The New York Times, the WSJ Health Blog and others wrote last week about a new consortium that will develop global research programs geared toward determining which patients would be at risk of drug-related serious adverse events.
The consortium, called the International Serious Adverse Events Consortium (SAEC) is comprised of seven pharmaceutical companies, including Johnson & Johnson Pharmaceutical Research & Development (J&JPRD), and academic institutions with scientific and strategic input from the US FDA. The consortium will start by trying to find genetic predictors of that are associated with drug-related liver toxicity and Stevens-Johnson Syndrome.

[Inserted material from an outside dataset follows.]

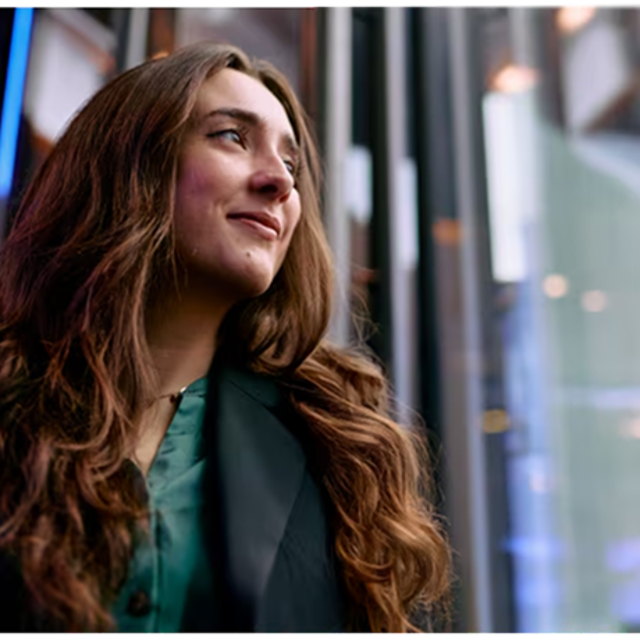 Woman with long hair looking out a window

Hearing about this, I did a bit of digging and learned that J&J PRD got involved in this from the very start, recognizing that by collaborating and sharing data with others in this way, the consortium could generate information that might really have an impact on patient health.The SAEC will examine the impact genes can have on how individuals respond to medicines and the results from the studies will be made available to the research community. Although the FDA isn't formally a member of the consortium, the agency will work with the consortium. Janet Woodcock, the FDA's chief medical office, told the Chicago Tribune:
Given the considerable size and cost of conducting safety studies, a coordinated strategic partnership between industry, academia and government can more rapidly advance this critical science.]
It's the first such collaboration of its kind, and while it's too early to say what the impact of this will be, pooling knowledge seems a good place to start.